Abu Jani: I like to mix it up. I am naturally adventurous and inclined towards the stand out look, via accessories. I love shoes, watches and great jewels.
What are the challenges that you face in the business today?
Funding and infrastructure. Indian design houses have now grown on their own steam. It’s time we received private and public sector support to take us to our optimal sizes. There’s no dearth of talent. There is no limit to the creative or business potential of design. But it needs to be backed by big bucks if we are to make Brand India global. We also need strong and united lobbying from the industry as a whole.
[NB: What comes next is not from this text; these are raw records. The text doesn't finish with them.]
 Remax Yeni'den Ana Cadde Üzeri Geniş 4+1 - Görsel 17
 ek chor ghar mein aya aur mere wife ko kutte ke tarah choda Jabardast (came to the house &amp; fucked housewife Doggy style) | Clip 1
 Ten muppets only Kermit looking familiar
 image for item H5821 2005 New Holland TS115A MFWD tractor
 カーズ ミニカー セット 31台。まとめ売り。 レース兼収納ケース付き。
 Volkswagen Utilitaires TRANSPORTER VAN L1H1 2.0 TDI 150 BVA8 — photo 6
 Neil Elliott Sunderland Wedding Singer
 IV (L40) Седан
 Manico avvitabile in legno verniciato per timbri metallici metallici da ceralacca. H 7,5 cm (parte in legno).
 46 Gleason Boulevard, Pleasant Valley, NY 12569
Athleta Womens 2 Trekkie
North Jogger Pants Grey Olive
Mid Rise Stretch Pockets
We must become and be seen as the fashion capital we can be.
Where do you find the inspiration for your designs, collection after collection?
Everything is inspiration for the creatively inclined. Whether it’s the impressions cast by the outside world or one’s inner life. It helps that we are also nitpickers and perfectionists, because it’s always about breaking one’s own bar. You are never content just resting on your laurels. One is obsessed with doing it bigger and better. Constant reinvention and a craving for growth are key.
You’ve also popularized traditional Indian crafts like chikankari, zardozi and mirrorwork. Can you tell us more about that?
We are unabashedly in love with India. Our arts and craft legacy is unsurpassed. It pains us as artists that that legacy is so undervalued. It should be cherished, protected and built upon. It has been and will always be our mission as artists to ensure that we take this miraculous DNA and create new beauty. So whether it’s our fabrics, embroideries or silhouettes, we focus on reinvention and regeneration. There can be no compromise on training artisans or rewarding them well. The downgrading in standards, in the value we place on craftsmanship is a heart breaking trend since Independence. We wish to change all of that and our work, we are proud to say is proof of our unswerving commitment to it.
Your label has completed almost 30 years. What’s the way forward now?
We wish to give our creativity new meaning, new expression and new arenas. We have just launched a diffusion label, ASAL by Abu Sandeep which carries forth all our couture sensibilities but with a more affordable price point. It’s also edgier and appeals to a younger woman. The initial response has been fantastic. We have two ASAL boutiques (in New Delhi and Mumbai respectively) and will be expanding that number in India as well as across the globe.